This means that running the code in line 1 (in this case the parser given as an argument to the lookAhead function) yields the following results:

In the “Success” use case:
- Good: in the “Success” use case, the parser in line 1 succeeds (this is exactly how the “Success” use case is defined)
- ?: we don’t know whether the given parser is backtrackable or not
- a: the parser is of type P.Parser a, so I use “a” to represent the parsed value
In the “Failure” use case:
- Bad: in the “Failure” use case, the parser in line 1 fails (this is exactly how the “Failure” use case is defined)
- ?: we don’t know whether the given parser is backtrackable or not
- e: I use “e” to represent the error that the given parser produces in the “Failure” use case

Two Kinds of Bad

In the “Success” use case, the parser might have consumed part of the input. The only way to undo that is to turn success into failure. We can do this with P.andThen and P.problem:

Code:

 1    parser
 2        |> P.andThen (\_ -> P.problem "")

Results:

 # │ Code                               │ Success        │ Failure          │
───┼────────────────────────────────────┼────────────────┼──────────────────┤
 1 │ parser                             │ Good ? a       │ Bad ? e          │
 2 │ |> P.andThen (\_ -> P.problem "")  │ Bad ? ""       │ Bad ? e          │

OK, now we have a parser which doesn’t consume anything, but we get a Bad result for both use cases, and we need to be able to distinguish between them. How can we do that?

Idea 1:
Could we just use a special error text?

No. The behavior of a parser doesn’t depend on the error value.

Idea 2:
Could we make one backtrackable and the other not?

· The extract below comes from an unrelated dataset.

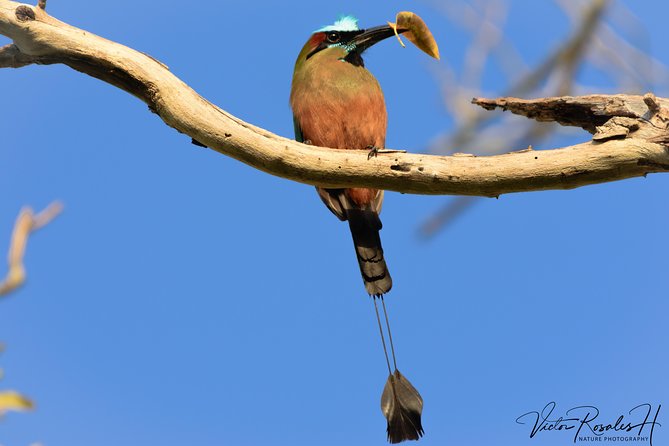 Mahahual and Costa Maya Birdwatching - Cancellation Policy and Weather Considerations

Yes, this could work, so let’s try it…

First, we need a defined state for the backtrackable flag. We don’t know whether the given parser is backtrackable or not, so let’s make it definitely backtrackable first:

Code:

 1    parser
 2        |> P.backtrackable

Results:

 # │ Code                               │ Success        │ Failure          │
───┼────────────────────────────────────┼────────────────┼──────────────────┤
 1 │ parser                             │ Good ? a       │ Bad ? e          │
 2 │ |> P.backtrackable                 │ Good True a    │ Bad True e       │

Now we can modify the “Success” use case by making it (and only it) not backtrackable with P.andThen and P.commit, and then turn success into failure as we did above:

Code:

 1    parser
 2        |> P.backtrackable
 3        |> P.andThen (\_ -> P.commit ())
 4        |> P.andThen (\_ -> P.problem "")

Results:

 # │ Code                               │ Success        │ Failure          │
───┼────────────────────────────────────┼────────────────┼──────────────────┤
 1 │ parser                             │ Good ? a       │ Bad ? e          │
 2 │ |> P.backtrackable                 │ Good True a    │ Bad True e       │
 3 │ |> P.andThen (\_ -> P.commit ())   │ Good False ()  │ Bad True e       │
 4 │ |> P.andThen (\_ -> P.problem "")  │ Bad False ""   │ Bad True e       │

Fine. We accomplished the first goal: to undo the input consumption in both use cases. Plus, we are still able to distinguish between them.

But is that really true?

Tell Bad From Bad

Let’s see how can we turn the two kinds of Bad into different results. For now, it doesn’t matter what these results are exactly, so I’ll leave the details open and just use

{result S} for the result in the “Success” use case
{parser S} for the parser used to generate the result S value
{result F} for the result in the “Failure” use case
{parser F} for the parser used to generate the result F value

We can change any backtrackable Bad using P.oneOf. The backtrackable Bad is the Bad of the “Failure” use case, so we use {parser F} in P.oneOf:

Code:

 1    P.oneOf
 2        [ parser
 3            |> P.backtrackable
 4            |> P.andThen (\_ -> P.commit ())
 5            |> P.andThen (\_ -> P.problem "")
 6        , {parser F}
 7        ]

Results:

 # │ Code                               │ Success        │ Failure          │
───┼────────────────────────────────────┼────────────────┼──────────────────┤
 2 │ parser                             │ Good ? a       │ Bad ? e          │
 3 │ |> P.backtrackable                 │ Good True a    │ Bad True e       │
 4 │ |> P.andThen (\_ -> P.commit ())   │ Good False ()  │ Bad True e       │
 5 │ |> P.andThen (\_ -> P.problem "")  │ Bad False ""   │ Bad True e       │
   │                                    │                │                  │
 6 │ {parser F}                         │                │ {result F}       │
   │                                    │                │                  │
 1 │ P.oneOf [ {2-5}, {6} ]             │ Bad False ""   │ {result F}       │

I hope the notation is clear:

line 6 is only relevant in the “Failure” use case, so I left the “Success” column empty
P.oneOf in line 1 combines the parsers of lines 2-5 and of line 6. I wrote this in the “code” column as “{2-5}” and “{6}” respectively.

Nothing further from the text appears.